[Math] Determining active constraints in KKT

karush kuhn tuckernonlinear optimizationoptimization

Suppose there is a constrained optimization problem having inequality constraints. We can solve it using Karush-Kuhn-Tucker conditions. My question is how do we determine which constraints are active and which are inactive? I read it in a KKT post1, post2 that we need to try all possible combinations of active and inactive constraints.

So after reading about it I came upon the following summary for finding a local optimum satisfying some inequality constraints. If we have $n$ inequality constraints we assume $k$ of those constraints to be active and solve using KKT necessary conditions. We do this for $k$ from $0, 1, \ldots, n$. So total number of possibilities are $2^n$. Suppose among these $m$ necessary conditions are satisfied. We use KKT sufficient conditions on those $m$ cases. If $m_1$ among these are satisfied then these lead us to the local optimal solutions. Is this right?

Is this the way to theoretically approach this problem, assuming we don't need a numerical techniques to solve it?
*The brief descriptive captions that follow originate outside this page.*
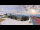 Webcam in Megève, 2.5 mi away
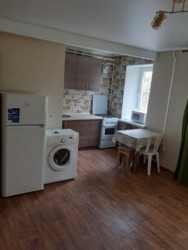 Сдам на длительный срок однокомнатную квартиру район Мотель № 111185148 фото 1 Сдам на длительный срок однокомнатную квартиру район Мотель № 111185148 фото 1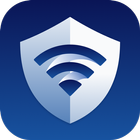 Signal Secure VPN icône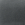 Charcoal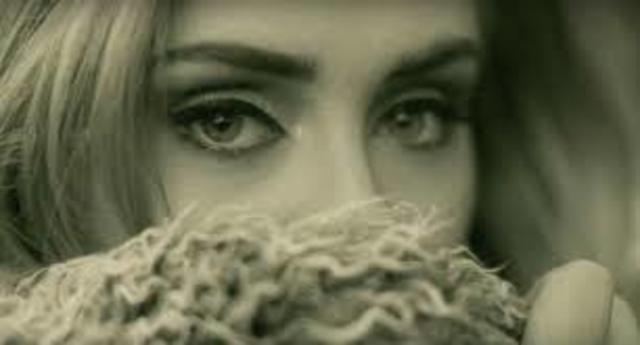 adele
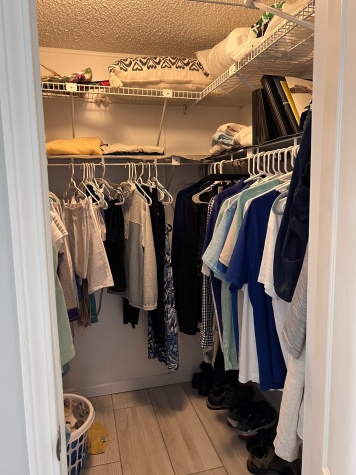 6304 Lichfield Lane, Sarasota, Florida 34241, 2 Bedrooms Bedrooms, ,2 BathroomsBathrooms,55-Plus Mobile Home,For Sale,Lichfield Lane,4524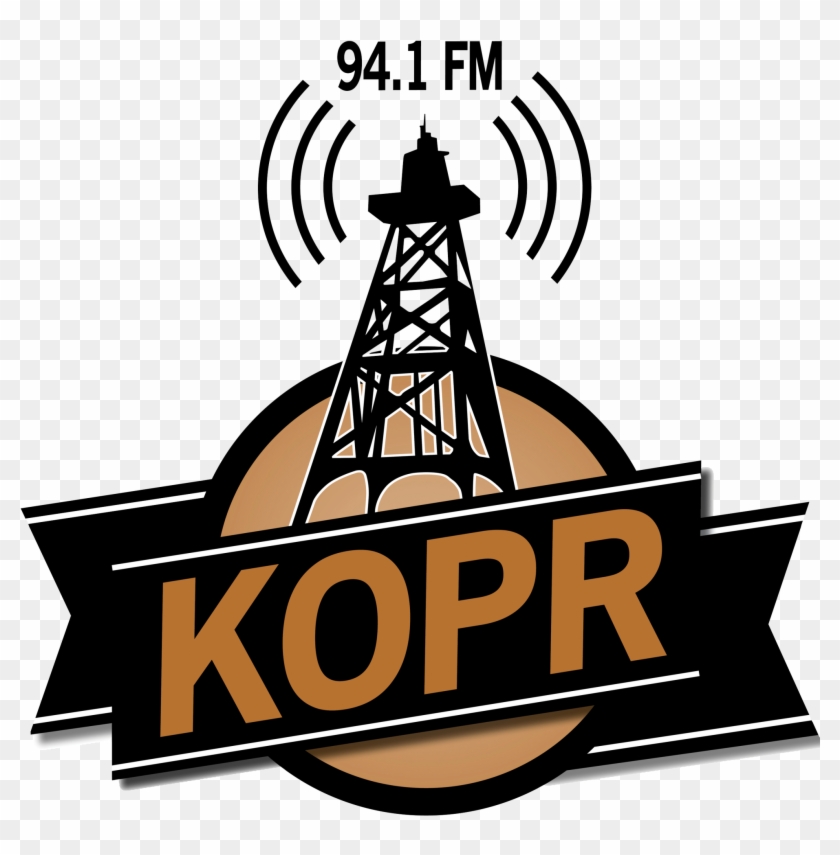 We Are Local Broadcasters - We Are Local Broadcasters #1508655
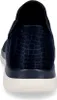 SKECHERS SUMMITS-CLASSY NIGHT SLIP-INS Modrá Náhľad obrázku produktu 32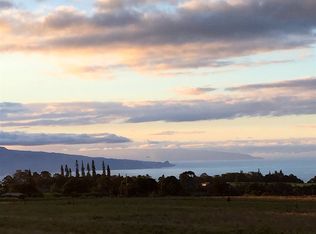 0 Piiholo Rd, Makawao, HI 96768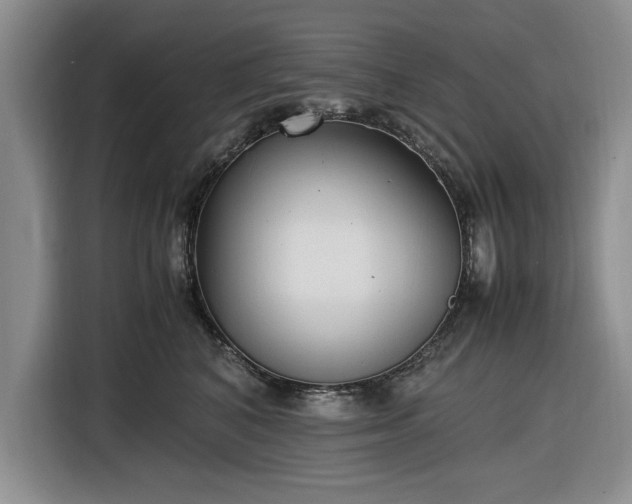 X0000116580616200912171525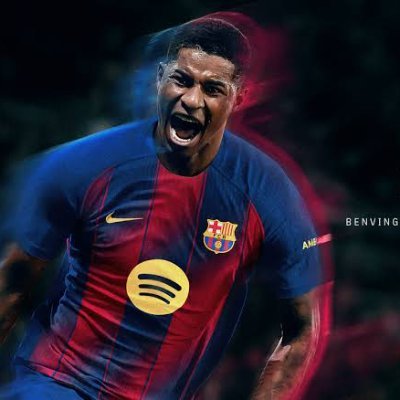 I will be monitoring Rashford performances and support him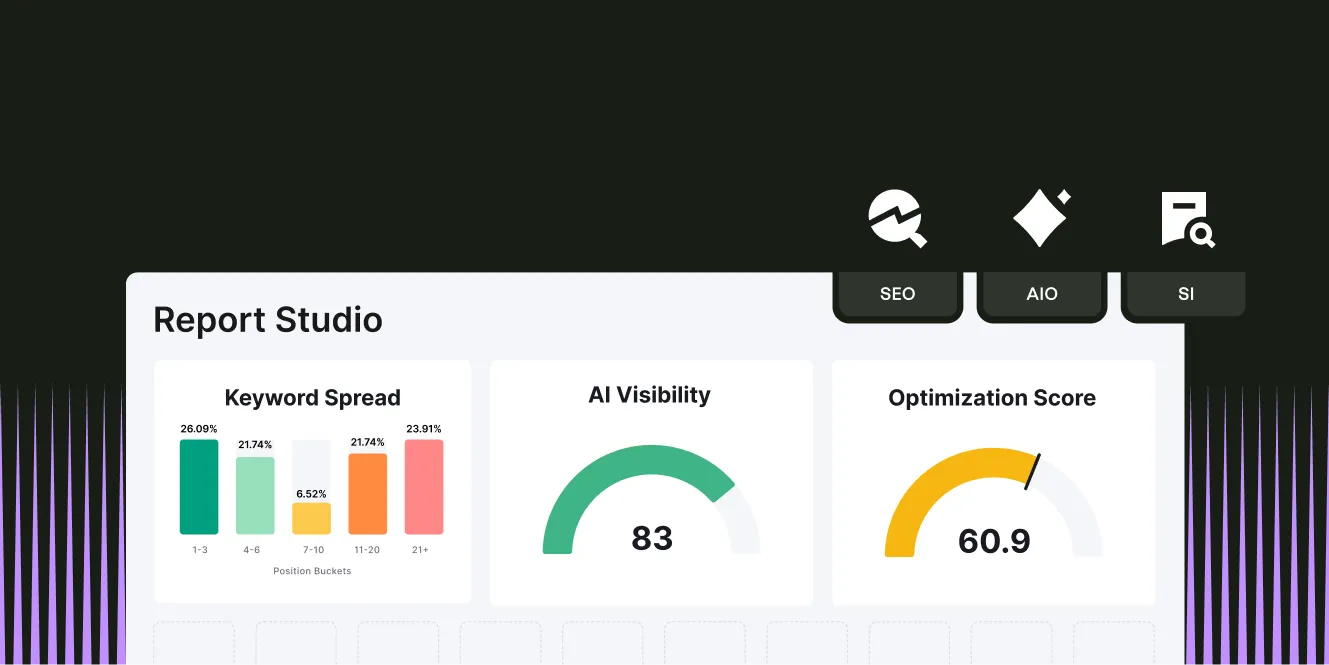 Disconnected data harms brand visibility: Here&rsquo;s how to audit and fix yours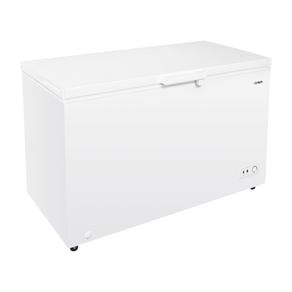 image-f6dd77f4ce834265a41f249bfe6e5f0b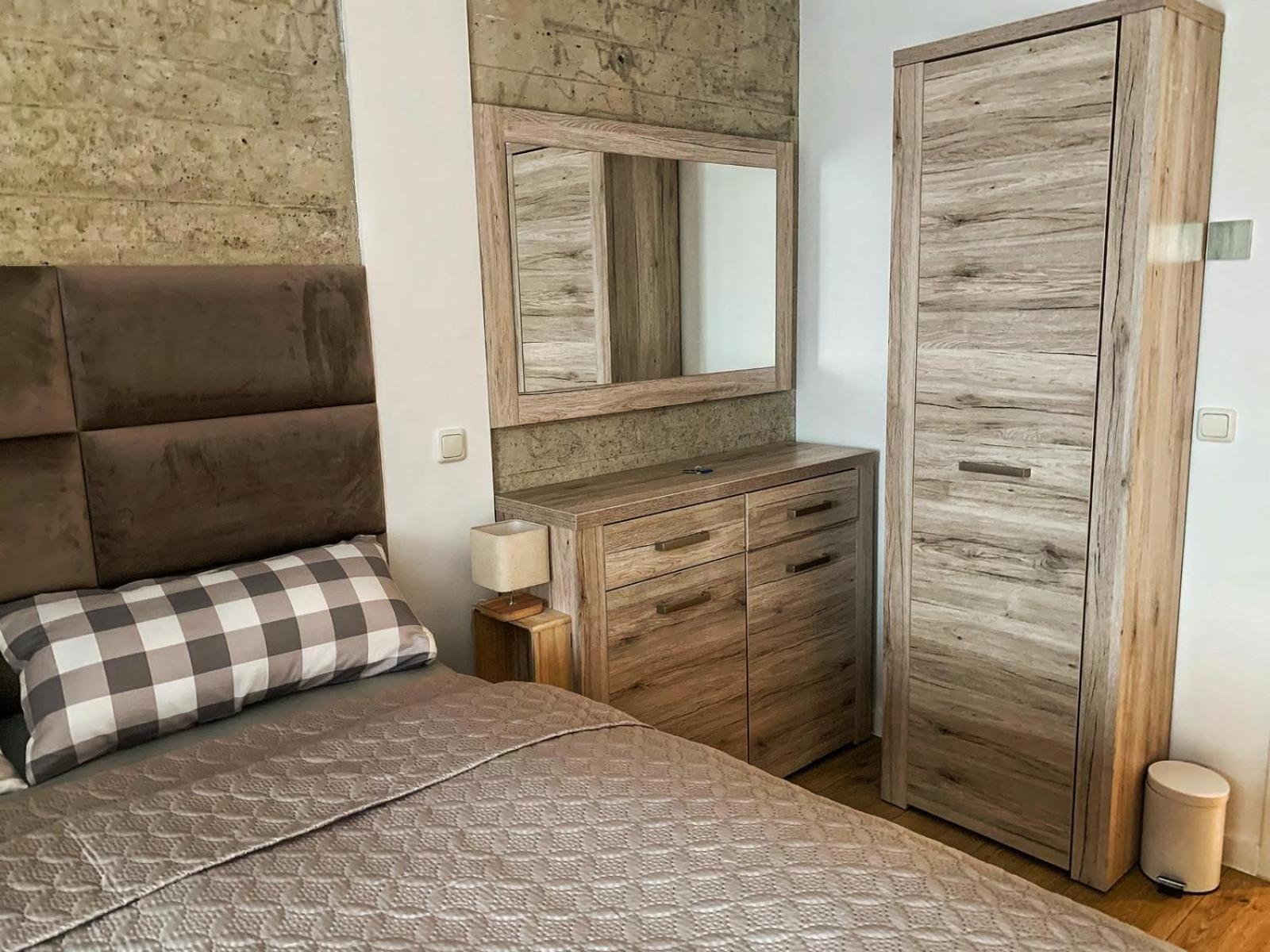 Mg-Quartier Hostel Monchengladbach Ngoại thất bức ảnh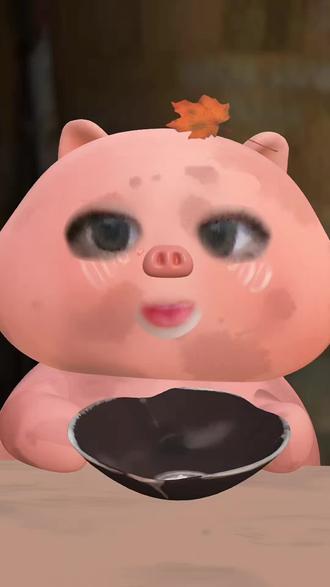 郝熠然!!!啊!!!#郝熠然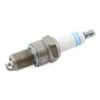 Bosch Spark Plugs WR8DC+ (6 Pack) 1 Bosch Spark Plugs WR8DC+ (6 Pack) -Bosch shop 024222965613824079 5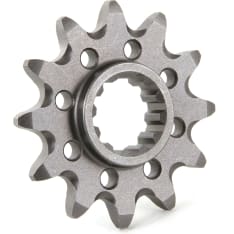 ProX Front Sprocket Husqvarna CR/WR250 '00-13 -13T-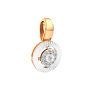 Подвеска 4D00681.14K.B.ZZ
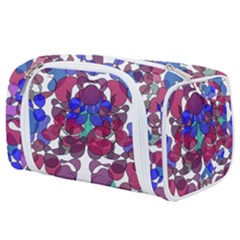 Netzauge Beautiful Toiletries Pouch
Just a stupid query by can this problem be possibly solved by assuming that all $n$ constraints are active, and then we get values of Langrange multipliers $\lambda_i, i\in \{0,1,\ldots,n\}$. Whichever $\lambda_i$s are negative are the inactive constraints?

Best Answer

Technically, knowing all of the active constraints isn't enough. For the nonlinear optimization problem $$ \min\limits_{x\in \mathbb{R}^m} \{f(x) : g(x) = 0, h(x)\geq 0\} $$ we have the first-order optimality conditions \begin{align*} \nabla f(x) + g^\prime(x)^Ty - h^\prime(x)^Tz =& 0\\ g(x) =& 0\\ h(x) \geq& 0\\ z \geq& 0\\ h(x) \circ z =& 0 \end{align*} where $\circ$ denotes the pointwise product and $g^\prime(x)$ and $h^\prime(x)$ are the Jacobians (total derivatives). There also needs to be some kind of constraint qualification satisfied. Anyway, you can find results like this in Theorem 12.1 from Nocedal and Wright's Numerical Optimization. Anyway, the last requirement, $h(x)\circ z=0$ is the complementary slackness condition and if we break it down it states $$ h_i(x) z_i = 0 $$ for $i=1,\dots,m$. If we know that a constraint is inactive at optimality, then $h_i(x) > 0$ and that forces $z_i=0$. Likewise, if the constraint is active, then we have $h_i(x)=0$ and $z_i\geq 0$. Anyway, let's say that we knew all of the active constraints, we could decompose $h$ and $z$ into \begin{align*} h(x) =& \begin{bmatrix} h_A(x)\\h_I(x)\end{bmatrix}\\ z =& \begin{bmatrix} z_A \\ z_I\end{bmatrix} \end{align*} For all of the inactive constraints, we know that $z_I=0$, so the optimality conditions become \begin{align*} \nabla f(x) + g^\prime(x)^Ty - h_A^\prime(x)^Tz_A =& 0\\ g(x) =& 0\\ h_A(x) =& 0\\ h_I(x) >& 0\\ z_A \geq& 0 \end{align*} Therein lies the rub. We still have to satisfy the inactive constraints, so we can't ignore them. We still also have to constrain the Lagrange multipliers that correspond to the active constraints.

This is why we typically need specialized algorithms to solve inequality constrained algorithms like projection, active set, or interior point methods. They take care of the nonnegativity and complementary slackness constraints in their own ways.